## What to do
Once you find the line with "CAM SUPPLY LEGEND" in the data below, transcribe exactly each line from there to the line with "The Lodge, Wednesbury", inclusive, and nothing else. Drop the pictures.

## Records for this task
= = = =
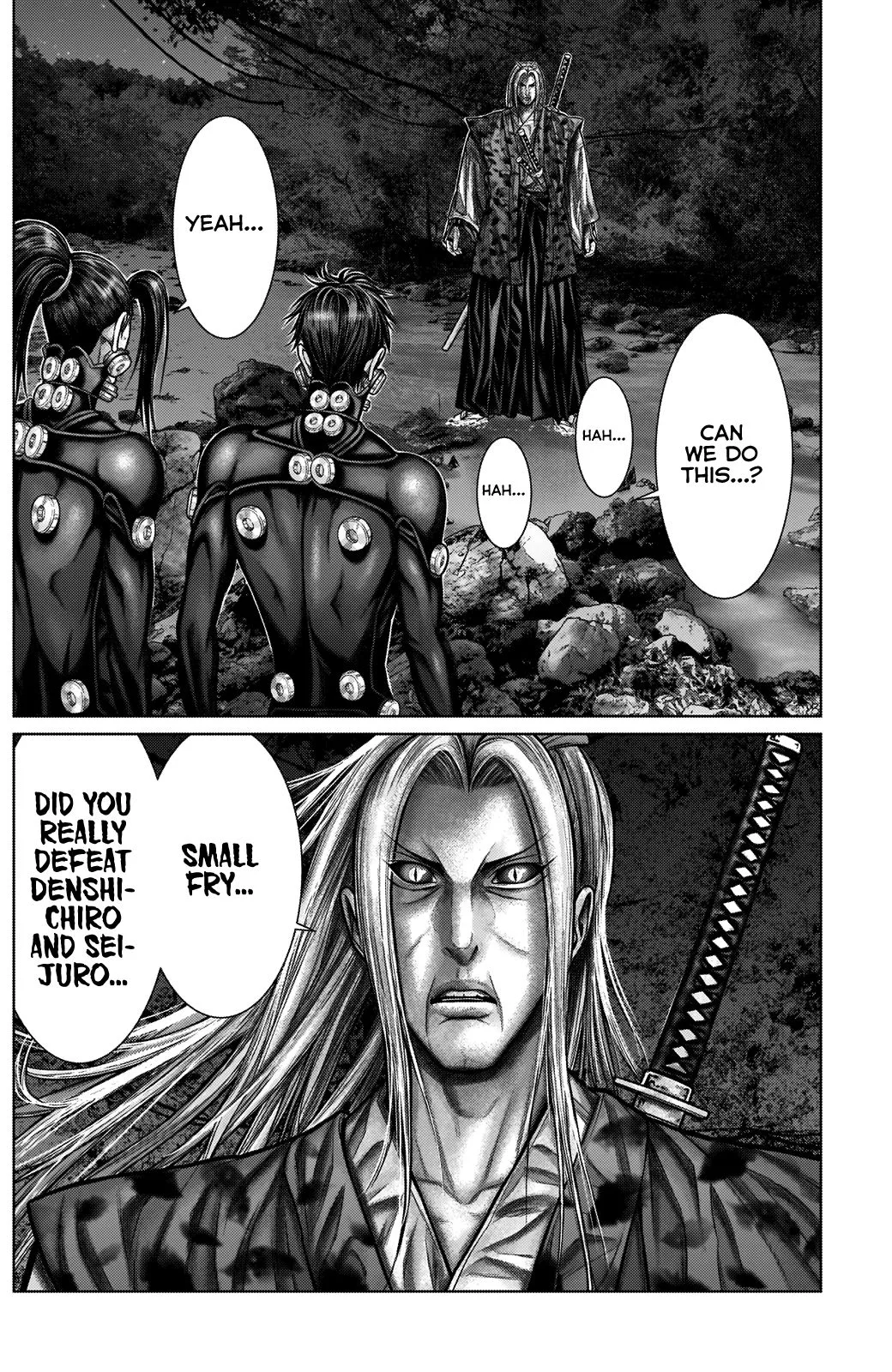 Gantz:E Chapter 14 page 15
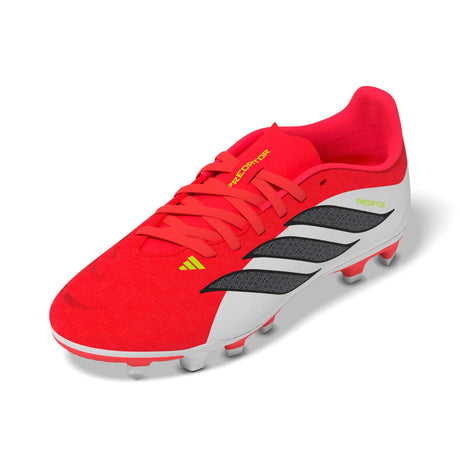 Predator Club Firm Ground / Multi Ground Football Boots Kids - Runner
= = = =
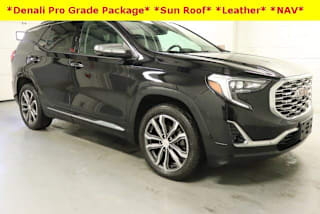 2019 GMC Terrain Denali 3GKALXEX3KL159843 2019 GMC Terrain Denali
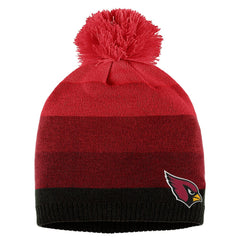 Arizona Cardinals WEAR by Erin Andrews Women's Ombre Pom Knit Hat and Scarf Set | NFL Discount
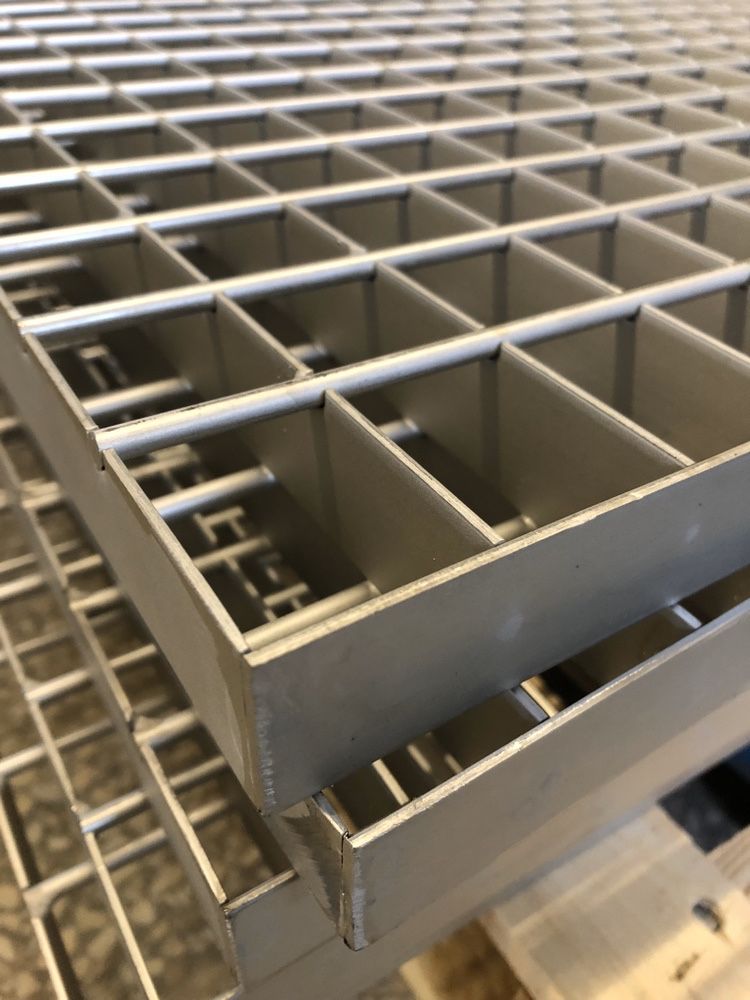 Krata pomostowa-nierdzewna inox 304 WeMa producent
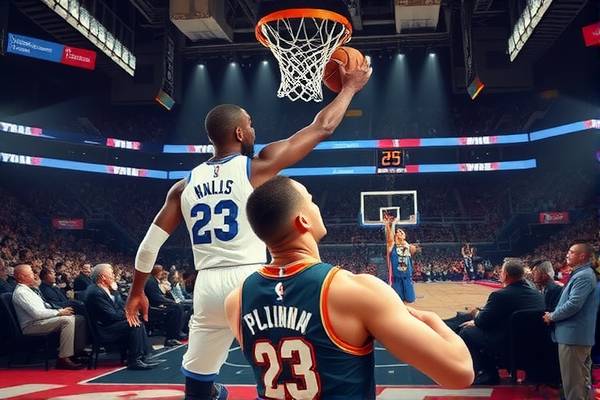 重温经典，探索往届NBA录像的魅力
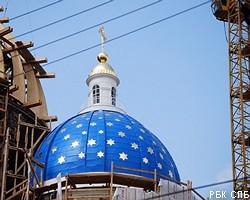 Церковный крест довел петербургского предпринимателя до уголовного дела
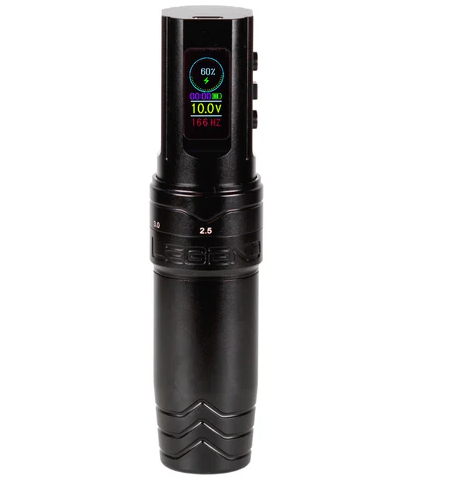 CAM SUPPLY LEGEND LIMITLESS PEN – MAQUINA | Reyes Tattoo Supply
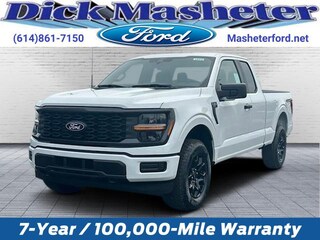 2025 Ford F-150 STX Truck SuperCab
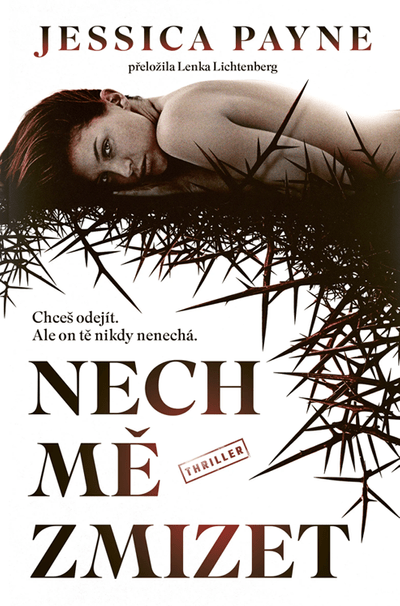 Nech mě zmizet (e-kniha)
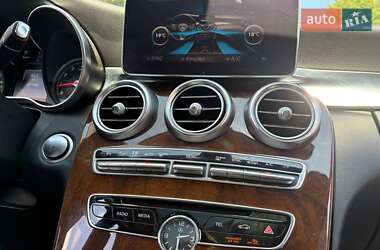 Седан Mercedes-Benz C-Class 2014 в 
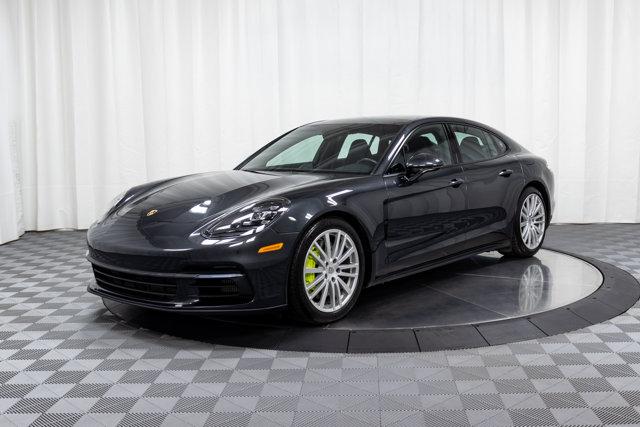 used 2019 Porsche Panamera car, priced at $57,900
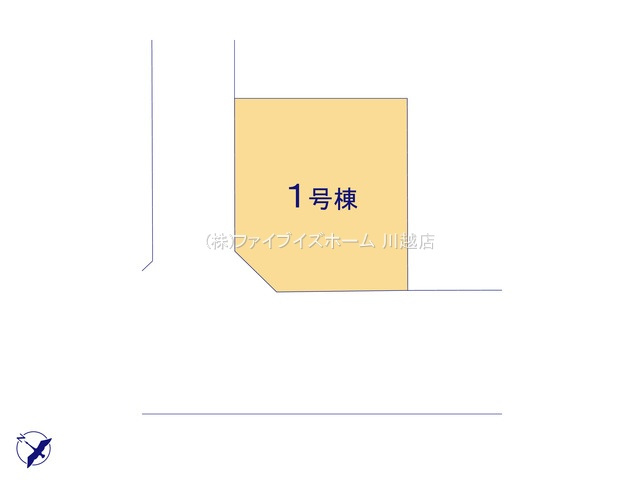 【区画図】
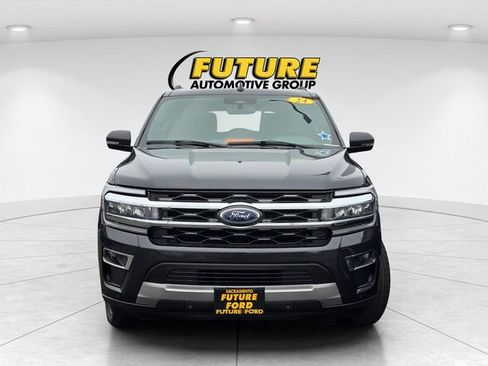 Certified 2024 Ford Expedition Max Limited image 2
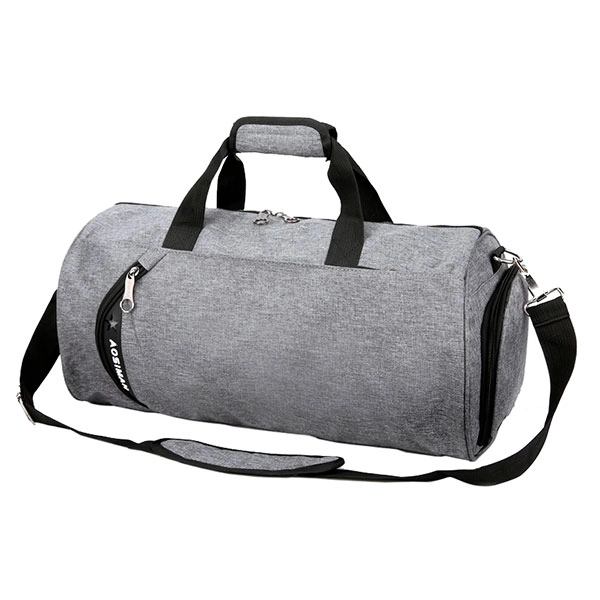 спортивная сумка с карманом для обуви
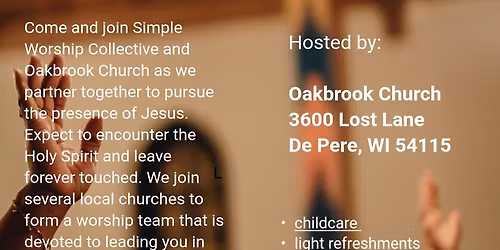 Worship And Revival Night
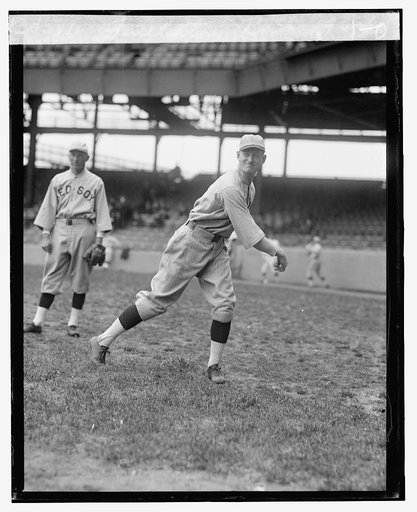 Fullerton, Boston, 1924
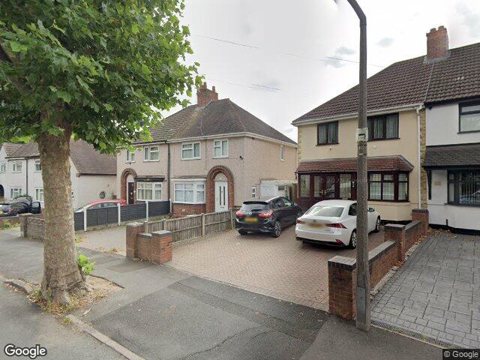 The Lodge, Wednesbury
= = = =
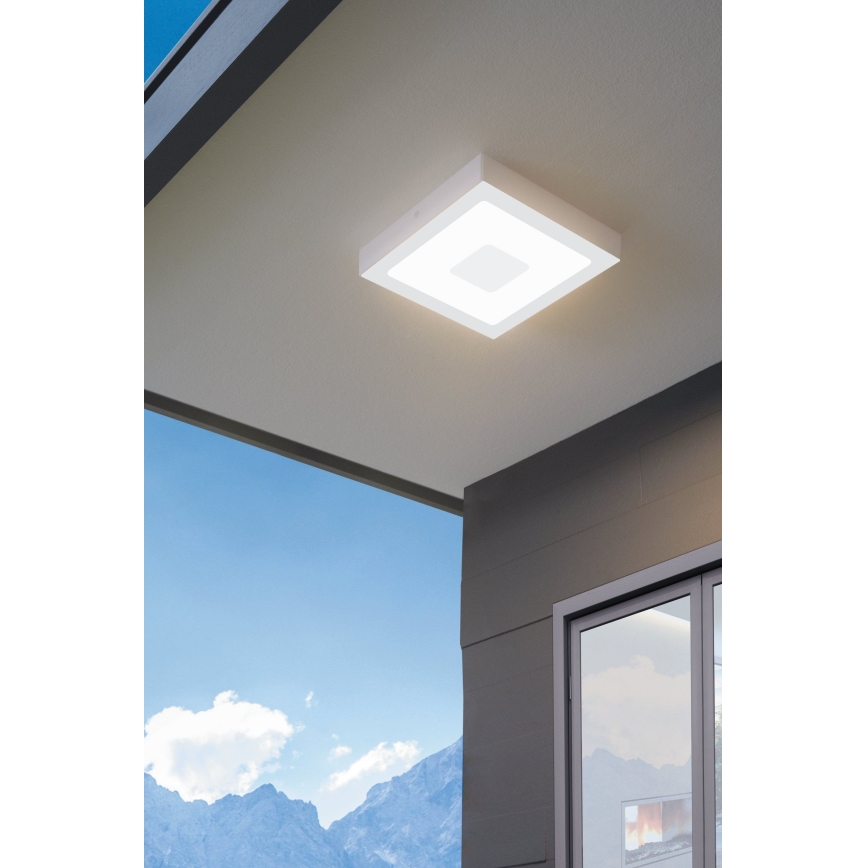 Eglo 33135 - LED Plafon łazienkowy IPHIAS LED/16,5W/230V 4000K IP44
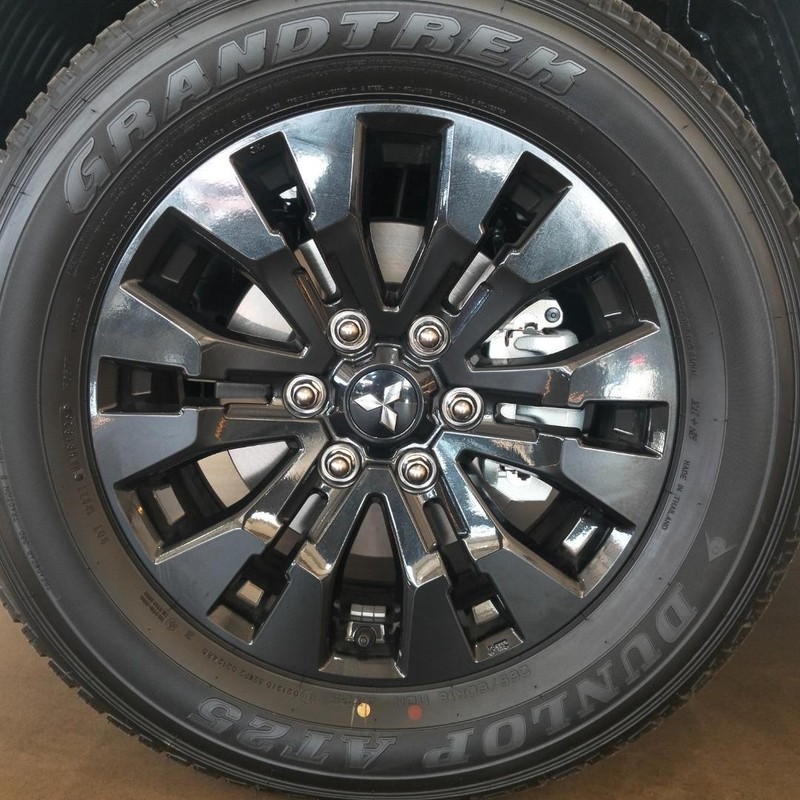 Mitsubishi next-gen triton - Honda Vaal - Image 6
= = = =
## Written reply
 CAM SUPPLY LEGEND LIMITLESS PEN – MAQUINA | Reyes Tattoo Supply
 2025 Ford F-150 STX Truck SuperCab
 Nech mě zmizet (e-kniha)
 Седан Mercedes-Benz C-Class 2014 в 
 used 2019 Porsche Panamera car, priced at $57,900
 【区画図】
 Certified 2024 Ford Expedition Max Limited image 2
 спортивная сумка с карманом для обуви
 Worship And Revival Night
 Fullerton, Boston, 1924
 The Lodge, Wednesbury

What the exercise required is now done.